Весь иностранный политический словарь на самом деле скрывает заурядные человеческие качества - жадность, тщеславие, обидчивость. А у нас почему-то на порядок повышает температуру кипения мозгов, заставляя людей думать, что они спорят о чем-то высоком.
Так и с коррупцией. По умолчанию считается, что термин взят из римского "Кодекса ХІІ таблиц" IV века до н.э. Упоминание о том, что такое постановление существовало, есть в воспоминаниях Цицерона и Авла Геллия. Что, дескать, нельзя отступать от закона в пользу отдельных лиц, и за это судью следует убить. (Не спешите аплодировать, там и за "злые песни" - клевету и наветы - тоже жизни лишали).
Но в предыдущем, восьмом, разделе последний пункт гласит, что судьи вправе договариваться между собой, как угодно и о чем угодно в пользу кого угодно, принимать любые решения, договориться между собой о любом вердикте, лишь бы это не вредило общественному порядку.
И в любом кодексе с тех пор вы найдете как витийствующие призывы о торжестве морали и справедливости, так и эффективный способ весь этот пафос при необходимости обойти.
Вот есть старинное слово "хабар". Одни говорят, что в прямом переводе с арабского это "новость", поэтому называть журналистов "хабарниками", наверное, исторически правильнее. Другие - что это "сокол", так иногда в дословном переводе арабы в VI–VII вв., то есть в то время, когда Киев еще входил в Хазарский каганат, называли славян. Если учесть, с каким поведением это связано, тогда неудивительно, что все мы отродясь - "хабарники", стремительные гонцы за прибылью. В "Руськой Правде" "заносы" только приветствовались.

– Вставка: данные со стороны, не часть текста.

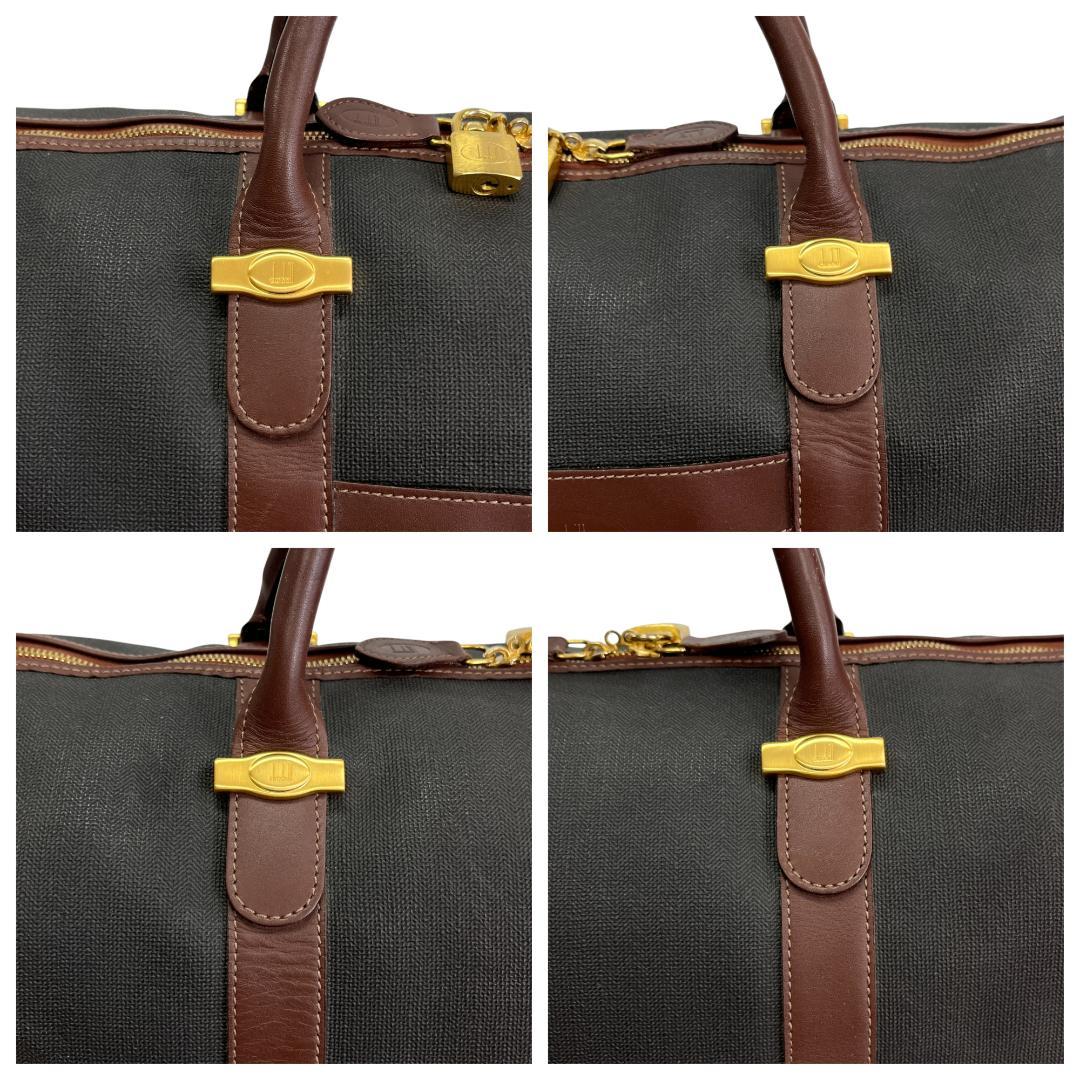 美品 ダンヒル ボストンバッグ レザー ブラウン グレー 大容量 旅行バッグ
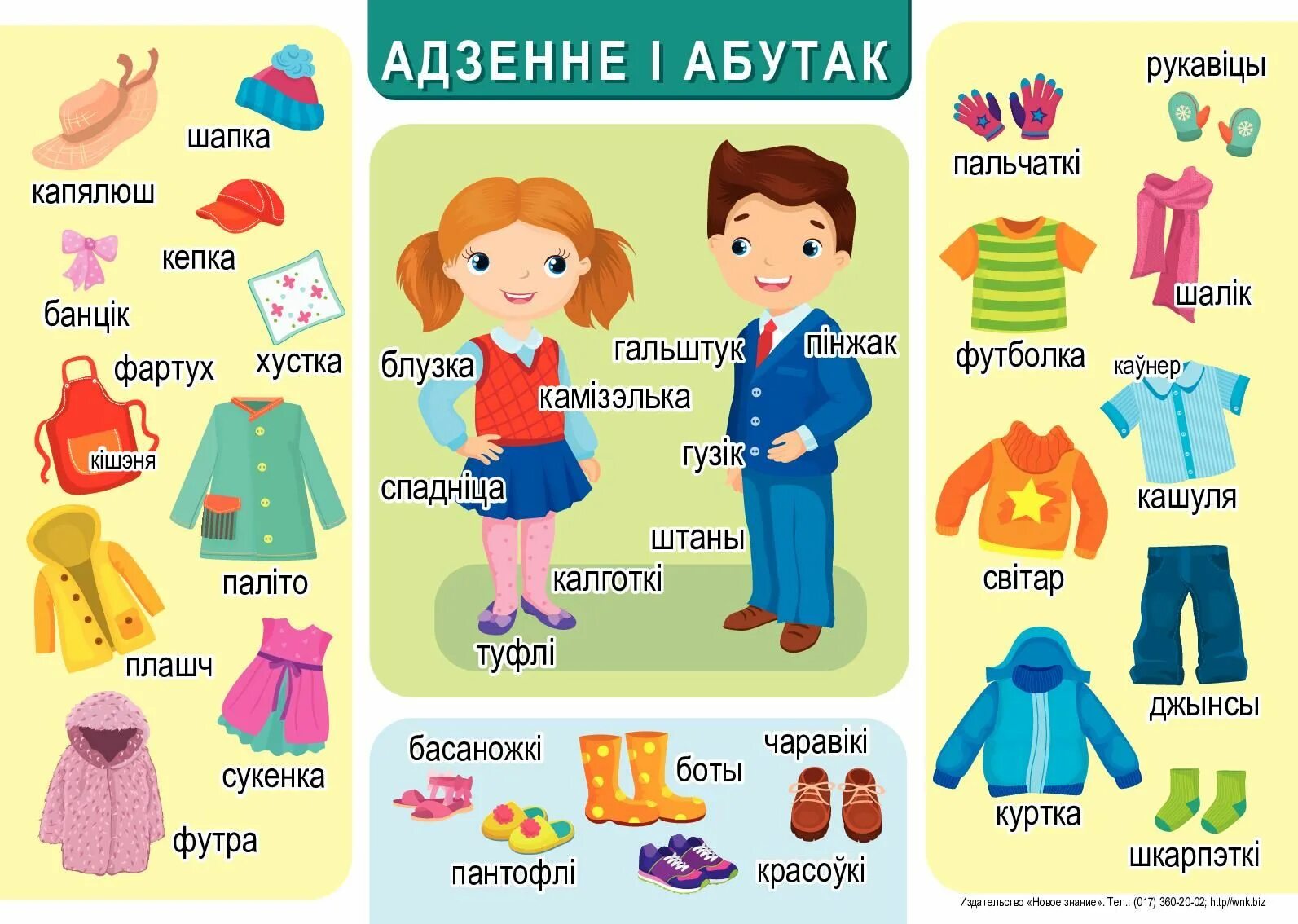 Слоўнік орг. Детская одежда. Белорусские слова для детей. Слова на беларускай мове для детей. Адзенне і абутак.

Есть еще "мздоимство" и "лихоимство". Чиновник, выполнявший свои служебные обязанности и выдававший просителю копию подлинного решения суда только после получения взятки, - мздоимец. Чиновник же, выдававший копию решения, в которой существо дела было искажено в интересах взяткодателя, - лихоимец. Подмазывание системы, чтобы ее колеса ловчее крутились, - сие действо было понятно даже владельцу телеги. Оно столетиями легитимизировалось в сознании людей, поскольку они на месте чиновника вели бы себя точно так же, ничего предосудительного в этом не видя. Дары уважения - это древняя составляющая легитимации любой должности. Общей системы отношений это не нарушает, а только "смазывает".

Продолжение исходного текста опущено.